Mentari telah naik sepenggalah di pagi itu, ketika para peserta Islamic Book Fair tengah men-display barang-barang di stand mereka dalam rangka menyambut pengunjung yang diperkirakan mencapai puncaknya pada dua hari terakhir di akhir pekan itu. Rona cerah memancar di masing-masing wajah mereka. Mereka begitu berharap omset di akhir pekan itu bisa menutupi omset di hari-hari biasa yang tidak begitu memuaskan. Agaknya, jumlah pengunjung Islamic Book Fair tahun ini berkurang dibanding tahun sebelumnya. Banyak faktor tentu saja. Salah satunya adalah daya beli mereka yang makin menurun akibat krisis yang kian mendera hingga kini. Sehingga akibatnya, kebutuhan akan buku atau multiproduk muslim pun dibatasi pemenuhannya.

Pagi itu saya hadir sekitar pukul 09.30 di arena pameran bertajuk “Membangun Generasi Islami, Cerdas dan Mandiri”. Ketika saya datang, saya menyaksikan pelataran parkir telah penuh dengan barisan dan deretan mobil-mobil pengunjung. Fenomena di hari itu sangat beda dibanding dengan hari-hari biasa. Dari kejauhan, nampak kerumunan pengunjung memadati pintu utama masuk arena dan terbentuk antrian yang cukup panjang. Saking panjangnya, ada sebagian dari mereka yang akhirnya memilih antri masuk di lantai 2, yaitu di stand non-buku. Pertimbangan mereka barangkali, biarlah mereka berkeliling terlebih dahulu di stand non-buku itu, belanja-belanja busana muslimah dan barang-barang multi produk, kemudian turun ke lantai 1 setelah situasi pengunjung tidak begitu padat. Pukul 10.00 adalah saat pameran buku terbesar itu dibuka untuk umum.

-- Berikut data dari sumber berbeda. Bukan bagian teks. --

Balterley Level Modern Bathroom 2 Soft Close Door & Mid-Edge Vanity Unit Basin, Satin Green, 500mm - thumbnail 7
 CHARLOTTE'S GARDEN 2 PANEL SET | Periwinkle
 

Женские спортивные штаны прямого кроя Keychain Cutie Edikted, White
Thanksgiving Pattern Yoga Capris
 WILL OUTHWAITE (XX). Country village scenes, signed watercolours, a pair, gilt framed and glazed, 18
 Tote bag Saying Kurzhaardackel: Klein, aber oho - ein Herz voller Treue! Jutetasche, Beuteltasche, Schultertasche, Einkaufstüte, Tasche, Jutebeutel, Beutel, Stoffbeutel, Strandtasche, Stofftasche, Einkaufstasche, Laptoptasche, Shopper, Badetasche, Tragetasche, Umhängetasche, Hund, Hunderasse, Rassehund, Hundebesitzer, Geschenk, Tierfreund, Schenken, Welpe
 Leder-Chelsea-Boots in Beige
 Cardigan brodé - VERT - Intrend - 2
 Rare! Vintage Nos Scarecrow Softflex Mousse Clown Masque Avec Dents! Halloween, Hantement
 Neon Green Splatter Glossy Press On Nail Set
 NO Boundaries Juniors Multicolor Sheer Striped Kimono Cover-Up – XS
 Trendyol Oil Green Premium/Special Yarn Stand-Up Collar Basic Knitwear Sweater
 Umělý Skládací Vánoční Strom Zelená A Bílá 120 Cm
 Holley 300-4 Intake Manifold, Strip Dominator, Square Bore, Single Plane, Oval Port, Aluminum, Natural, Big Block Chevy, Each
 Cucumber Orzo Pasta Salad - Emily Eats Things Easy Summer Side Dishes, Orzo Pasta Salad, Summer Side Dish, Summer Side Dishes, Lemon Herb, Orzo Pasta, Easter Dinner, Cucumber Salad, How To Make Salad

Saya yang menyewa stand di lantai 2, setelah parkir, langsung menuju ke arena pameran dengan memakai bagde tanda peserta sehingga bisa diperkenankan masuk di tengah kerumunan yang ada. Saya membawakan nasi dan lauk-pauk buat sarapan, buah, dan beberapa cemilan untuk penjaga stand kami. Mereka semalaman menginap di sana sebab andai mereka pulang di malam hari dan pergi kembali esok harinya, tenaga mereka akan terkuras dan belum tentu mereka akan bisa datang tepat waktu di tengah situasi Jakarta yang macet di mana-mana. Selain membawa makanan dan minuman, saya juga membawakan stock barang laku untuk didisplay memenuhi stock yang berkurang.

Pukul 10.00 ketika arena dibuka, para pengunjung mulai mendatangi stand-stand secara bergelombang, termasuk di stand kami. Dari arus masuk pengunjung yang hilir-mudik, kami bisa memprediksi bahwa arena pameran untuk dua hari terakhir ini bakal penuh dengan pembeli potensial.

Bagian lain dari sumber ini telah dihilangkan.